Supprimer le système « bicaméral », en renforçant la démocratie parlementaire de l’Assemblée Nationale, implique une suppression pure et simple du Sénat.
A noter qu’un sénateur coûte près d'un million d'euros aux contribuables, ce qui revient à 350 millions d'euros par an pour le budget du Sénat qui gère par ailleurs une réserve de 1,5 milliard d'euros. Près de 90 % des dépenses du Sénat consistent en des dépenses de personnel : indemnités parlementaires des 348 sénateurs, plus traitements et primes de leurs collaborateurs (cinq maximum), pour lesquels chacun dispose d’une enveloppe 7548,10 euros. Pour rompre avec l’opacité qui faisait partie des usages de cette assemblée, en 2013, pour la première fois, les comptes ont été certifiés par la Cour des comptes. « Mais cela ne veut pas dire que le Sénat est bien géré, simplement qu’il respecte les règles comptables » fait observer l’un des magistrats de la Cour. A noter également que La réserve parlementaire, qui est d’un montant de 153.000 euros par sénateur, représente en 2016 un total de 56,26 millions d’euros pour le Sénat, dont 3 millions d’euros dévolus à une « dotation institutionnelle » gérée de façon collégiale par le Président et les vice-présidents du Sénat. 81% de la réserve, soit 43,32 millions d’euros, est fléchée vers les « collectivités locales pour financer leurs investissements de proximité » précise le site du Sénat.
Par le scrutin uninominal majoritaire de circonscription à deux tours, qu’il faut maintenir, les Députés représentent aussi un territoire, pas besoin des Sénateurs.
Avec le mode de scrutin uninominal à deux tours par circonscription électorale des Députés, ceux-ci sont également, en plus de leur fonction législative, représentant d’un territoire. Ce qui signifie que la fonction de représentant des collectivités de métropole et d'outre-mer par les Sénateurs est inutile, d’autant que les Députés élus au suffrage universel ont donc plus de légitimité que les Sénateurs pour les représenter, dès lors qu’ils sont élus au suffrage universel direct, ce qui n’est pas le cas des Sénateurs…
Maintenir le scrutin majoritaire uninominal de circonscription territoriale à deux tours avec un « correctif », pour que les minorités politiques soient représentées, mais comment le définir ?

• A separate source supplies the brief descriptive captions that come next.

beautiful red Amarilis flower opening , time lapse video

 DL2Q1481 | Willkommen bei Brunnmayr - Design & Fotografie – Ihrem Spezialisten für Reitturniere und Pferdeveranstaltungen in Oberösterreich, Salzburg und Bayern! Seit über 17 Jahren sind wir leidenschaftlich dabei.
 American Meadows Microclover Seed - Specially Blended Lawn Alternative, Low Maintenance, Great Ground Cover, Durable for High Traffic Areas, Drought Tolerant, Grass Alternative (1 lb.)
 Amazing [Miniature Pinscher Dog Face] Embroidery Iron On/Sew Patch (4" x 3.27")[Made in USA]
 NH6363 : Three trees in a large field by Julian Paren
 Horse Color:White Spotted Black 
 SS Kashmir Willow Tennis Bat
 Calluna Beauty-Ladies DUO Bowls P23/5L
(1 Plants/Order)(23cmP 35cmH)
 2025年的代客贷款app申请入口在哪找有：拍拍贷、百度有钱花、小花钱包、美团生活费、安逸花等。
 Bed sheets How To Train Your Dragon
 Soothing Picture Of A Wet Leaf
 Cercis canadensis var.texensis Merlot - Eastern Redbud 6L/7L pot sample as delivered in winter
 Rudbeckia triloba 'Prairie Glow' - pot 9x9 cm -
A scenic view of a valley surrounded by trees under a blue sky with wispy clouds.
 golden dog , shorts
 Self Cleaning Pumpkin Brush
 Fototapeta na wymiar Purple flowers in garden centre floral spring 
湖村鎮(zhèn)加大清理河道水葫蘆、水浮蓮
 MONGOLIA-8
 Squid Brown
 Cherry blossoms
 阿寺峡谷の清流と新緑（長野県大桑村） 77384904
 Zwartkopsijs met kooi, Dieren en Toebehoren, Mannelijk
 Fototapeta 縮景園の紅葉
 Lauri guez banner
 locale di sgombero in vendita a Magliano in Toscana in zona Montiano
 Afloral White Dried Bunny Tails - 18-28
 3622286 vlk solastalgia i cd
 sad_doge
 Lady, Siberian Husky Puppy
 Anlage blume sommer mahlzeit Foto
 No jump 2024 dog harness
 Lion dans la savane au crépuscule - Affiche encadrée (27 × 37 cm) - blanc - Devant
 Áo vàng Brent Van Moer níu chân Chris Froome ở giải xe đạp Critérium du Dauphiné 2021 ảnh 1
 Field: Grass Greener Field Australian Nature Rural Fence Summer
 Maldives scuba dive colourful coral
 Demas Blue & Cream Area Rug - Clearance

Sans avoir recours à l’introduction de la proportionnelle, fut-elle que très partielle et qui peut être problématique, Permettre la représentation des minorités politiques, tout en préservant le mode de scrutin uninominal de circonscription à deux tours, pourrait se traduire, par exemple, de la façon suivante : A l’issue du premier tour de scrutin des élections législatives au scrutin uninominal, tous les partis, ou groupements de candidats, qui avaient agréé 175 candidats et obtenu au premier tour, entre 375 000 et 500 000 voix se verraient attribuer 2 sièges de Députés, plus un par fraction complète de 250 000 voix. Afin de ne pas sur représenter les formations politiques, petites ou grandes, les partis, ou groupements de candidats qui auraient obtenus des Députés au suffrage universel direct, soit en leur nom propre, soit par le jeu des apparentements, leur nombre serait déduit de celui du correctif éventuel auquel ils auraient droit. (Ces chiffres n’étant qu’une proposition, servant de base de discussion pour un débat qui reste ouvert) Ces députés seraient soumis aux mêmes droits et devoirs que les députés élus au suffrage universel, mais ne seraient pas rattachés à une circonscription et n’auraient donc qu’une fonction législative à l’assemblée.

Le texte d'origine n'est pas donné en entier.